Texte intégral
École libre : le débat relancé
Les conclusions du rapport Vedel ravivent la polémique entre laïc et privé.
Le rapport Vedel sur la situation de l'enseignement privé sera remis officiellement lundi au ministre de l'Éducation nationale. On connaît déjà ses conclusions : plus de la moitié des quelque 10 000 écoles privées sous contrat sont dans un état préoccupant de vétusté, et le coût global de leur remise en état est de plusieurs milliards de francs (nos éditions d'hier).

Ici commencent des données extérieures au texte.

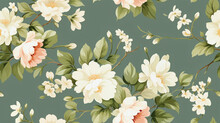 Seamless Classic Wallpaper Retro Vintage Flower Pattern On Green Background. Textile Design.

Que va-t-il se passer ? Les propos de François Bayrou laissent espérer une reprise prochaine du débat parlementaire sur la loi Falloux. Mais il semble peu probable que la réforme puisse aboutir avant la fin de la session en cours, le 20 décembre, même dans l'hypothèse la plus favorable – celle où le gouvernement s'en tiendrait au texte Bourg-Broc adopté avant les vacances et demanderait la procédure d'urgence : les parlementaire de gauche ont montré qu'ils excellaient dans les manœuvres dilatoires. Et l'inscription à une session extraordinaire est peu vraisemblable en raison de l'opposition de l'Élysée. Il faudra sans doute attendre la session de printemps, qui commence le 2 avril. Avec une certitude : le rapport Vedel n'est pas parvenu à "apaiser les esprits". Le père Cloupet, secrétaire général de l'enseignement catholique, et Guy Le Néouannic, secrétaire général de la FEN, présentent leur point de vue au Figaro.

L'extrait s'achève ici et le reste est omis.